Summary of passage: Peter asks how many times should you forgive someone who has sinned against you. Jesus says 77 times. Then he tells the parable of a servant who owed his master millions of dollars. He begged for mercy and the master let him go and canceled the debt. But when that servant was owed a few dollars by another man, he had the other man he choked him and had him thrown in jail over it!
When the master found out, he had the servant called in and told him he should have had mercy on the man just like he had and he had him tortured because of it. Jesus says God will do the same thing if we do not forgive others.
12a) Peter thinks there is a limit on the number of times you can forgive someone before not forgiving them and possibly throwing them in jail or what-have-you. Asking about his brother shows he doesn’t get the parallel between God’s forgiveness of us and our forgiveness of others.
b) The world follows Lamech’s view: that if he is wronged 7 times he will have his revenge 77 times. The world does not forgive; it only seeks vengeance. Jesus said to forgive unlimited times. Lamech said to seek vengeance unlimited times.
13a) It is like a king who wanted to settle accounts with his servants who owed him so much money that they would never be able to repay it and therefore had to be forgiven or face eternal hell.
b) Personal Question. My answer: We must forgive others since God has forgiven us the immensity of our sins for our sins are 77 times greater (or infinitely times greater) than any other sin committed against us by others. We forgive over and over again as God does us.
c) Personal Question. My answer: It would be a calmer place to live. Less stressful. More encouraging. Happier. If we truly understood the enormity of our sins then nothing others did to us would matter. Strife would end.
d) Personal Question. My answer: Oh, Lord, forgive me that which does not deserve forgiving. Without your grace I would be nothing. Thank you, oh Lord, for your forgiveness of my sins and help me to show my gratitude as I forgive others. Amen
Conclusions: I liked this lesson. Very powerful parody in the undeservedness of God’s forgiveness and how we are to extend the same to others. Always easy to say and not so easy to apply in life, thus making it a good lesson to hear over and over again.

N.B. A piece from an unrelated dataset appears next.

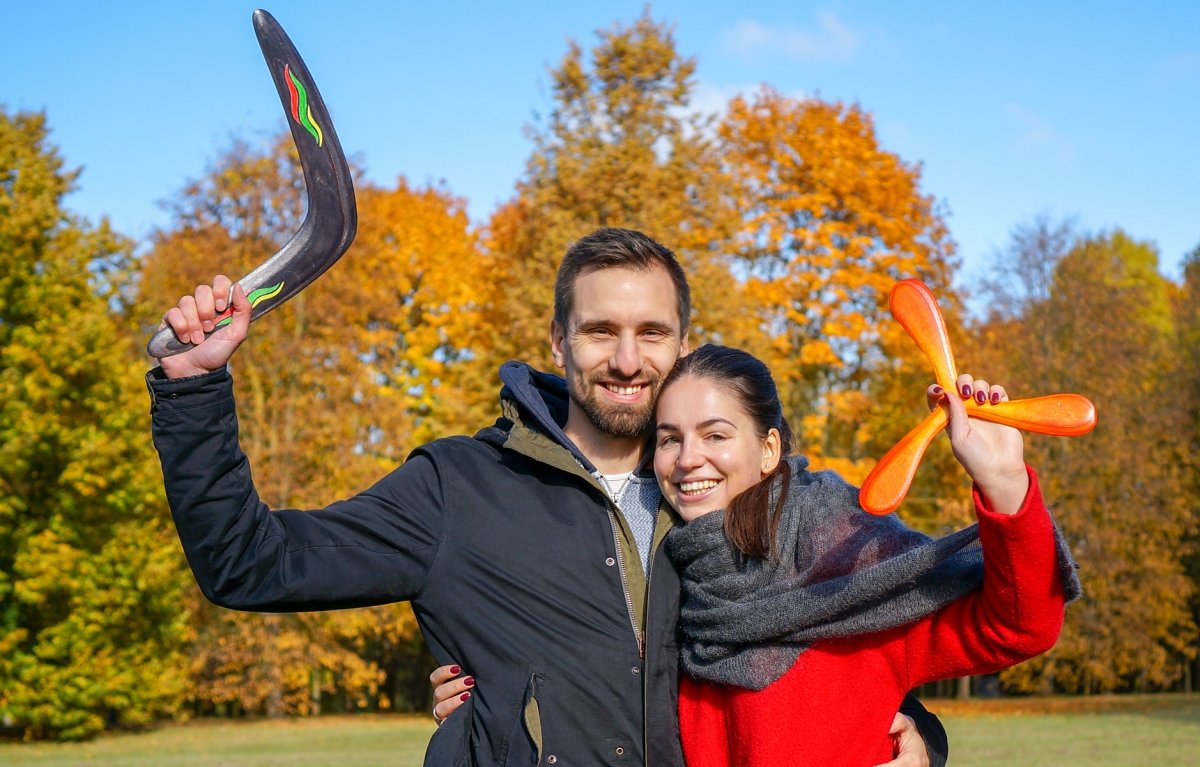 Nemunas Pakalnis, boomerang maker, with handmade wooden boomerangs in an autumn park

End Notes: If you were a first century Jew, you were taught you could only forgive someone up to 3 times and that’s it. Here, Peter doubles that, thinking himself generous, which of course, Jesus says is ridiculous. This is Peter, after all.
Note the anger of the man who had basically just been set free by his master. He grabbed the guy by the throat very threateningly and demanded payment. How many times have we done the same thing: our anger so overpowering us that we blow something up that was so very minor in our lives?
The man was blind to his own sin (as we so often are and why we need people to point it out like Lesson 4 just pointed out) and instead of mercy now received justice. Note we deserve justice but God gives us mercy anyways if we ask His forgiveness and repent.
Since God who forgives (when He doesn’t need to since He has nothing to be forgiven of) us who are full of sin, we must forgive others who need forgiveness every day of our lives. We have no right to hold onto grievances.
You can forgive sins but the sinner still faces consequences like in the case of murder.
Forgive others or you yourself will be tortured.